Marc soupira bruyamment.

-Je crains au contraire qu'elle ne fasse que commencer. Me vois-tu expliquer au sénateur Cartney que son neveu est mort de vieillesse? A juste titre il hurlera au fou! Fort de tes analyses, il conclura que le cadavre que nous avons trouvé ne peut être celui de Norton malgré la radio laryngée et il décidera le Président à envoyer toute une armée sur Korz et cela sera la catastrophe !

-Pour les habitants ?

-Oui, mais aussi pour les militaires qui risquent de subir le même sort. Nous devons impérativement trouver l'explication de ce mystère avant de faire notre rapport au général.

-Nous ne disposons que de peu de temps ! Nous sommes déjà sur Korz depuis une semaine ! Comment comptes-tu procéder ?

Le Terrien s'assit la tête entre les mains et réfléchit à voix haute.

-Norton n'a apparemment visité aucun village. Il a été retrouvé entre ici et la colline où nous savons qu'il n'y a pas d'habitations. On peut penser que Norton a désiré explorer l'agglomération où nous sommes en premier. Par excès de prudence, il a posé son module assez loin à l'est. C'est peu après son atterrissage que lui serait arrivé son accident.

-L'hypothèse est plausible, reconnut Ray. Alors, partons-nous vers cette colline dite maudite?

-Attends ! Nous négligeons un détail essentiel : l'envoyé du dieu !

-Superstition ou légende, rétorqua Ray d'un ton méprisant.

-Toute légende comporte un fond de vérité. Kioz a été formel : Norton présentait le même aspect que son père.

-Qu'en conclus-tu ?

-Ou le phénomène de vieillissement accéléré a une cause naturelle et il nous faudra explorer la colline, ou il y a une intervention humaine et il conviendrait d'obliger notre adversaire à se démasquer.

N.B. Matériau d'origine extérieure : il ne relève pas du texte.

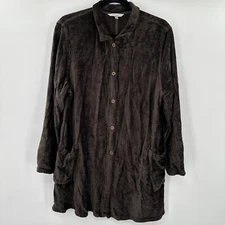Kleen Brown Long Sleeve Soft Velour Style Button Down Shirt Sz XL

-Comment comptes-tu procéder?

Marc grimaça un sourire.

-D'après ce que j'ai cru comprendre, ce dieu mystérieux est fort conservateur et n'apprécie guère les innovations. Je sens que je vais inventer quelque chose de sensationnel.

Ce fut au tour de Ray de s'alarmer.

-Attention de ne pas transgresser la loi de non-immixtion !

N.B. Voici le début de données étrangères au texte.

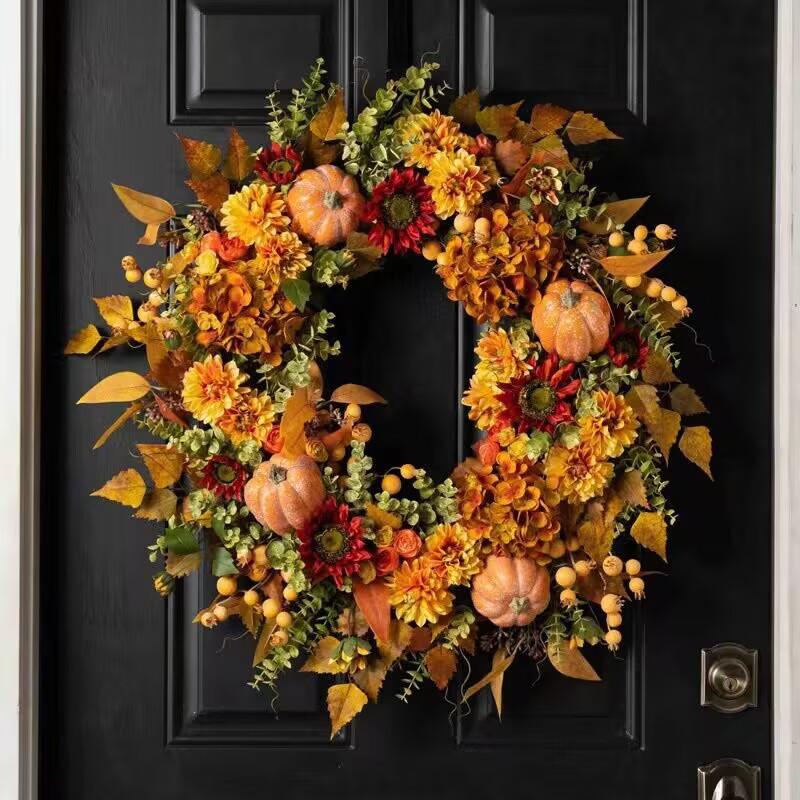45cm Fall Wreaths Pumpkin Berry Maple Leaf Artificial Wreath Harvest Autumn Front Door Wreath Christmas Halloween Home Decor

Le Terrien se leva en éclatant de rire.

-Je saurai rester raisonnable ! De toute façon, le sénateur Cartney m'a donné carte blanche !

Sur la place du village, le chef, radieux, discutait avec Homme-sage. Ce dernier paraissait soucieux et hochait négativement la tête. Kioz héla Marc et Ray.

-J'ai fait part à Homme-sage de mon projet de vous accorder définitivement l'hospitalité. Pour l'instant il n'est guère enchanté mais il accepte que vous restiez jusqu'à ce que nous ayons mangé le touk. Il est normal que vous en profitiez puisque c'est vous qui l'avez tué.

-Je vous remercie tous deux de ce délai. Moi aussi je dois réfléchir avant de prendre une décision définitive. Pour l'instant j'aimerais faire un tour en forêt. Qui sait si je ne trouverai pas un autre gibier?

Kioz éclata d'un gros rire.

-J'espère que cela ne sera pas un autre touk. Nous aurions alors tellement à manger que nos ventres deviendraient énormes et nous ne pourrions plus chasser !

Marc marcha une bonne demi-heure, examinant attentivement la végétation. Finalement il trouva une herbe haute, résistante, semblable à celle dont se servaient les femmes du village pour assembler les morceaux de peau.

Il sectionna à la base plusieurs tiges et entreprit de les tresser.

-Ray, trouve-moi une branche d'environ deux mètres, résistante et élastique de deux doigts de large.

-Pourquoi ne me dis-tu pas simplement de confectionner un arc et des flèches, ironisa l'androïde. J'oeuvrerais beaucoup plus vite que toi.

Marc éclata de rire.

-Mets-toi donc au travail pendant que je m'accorde une petite sieste !

Deux heures plus tard, l'androïde réveilla Marc et lui présenta fièrement son ouvrage. L'arc mesurait environ un mètre cinquante et il était accompagné d'une dizaine de flèches à pointe de silex et avec des plumes à l'arrière.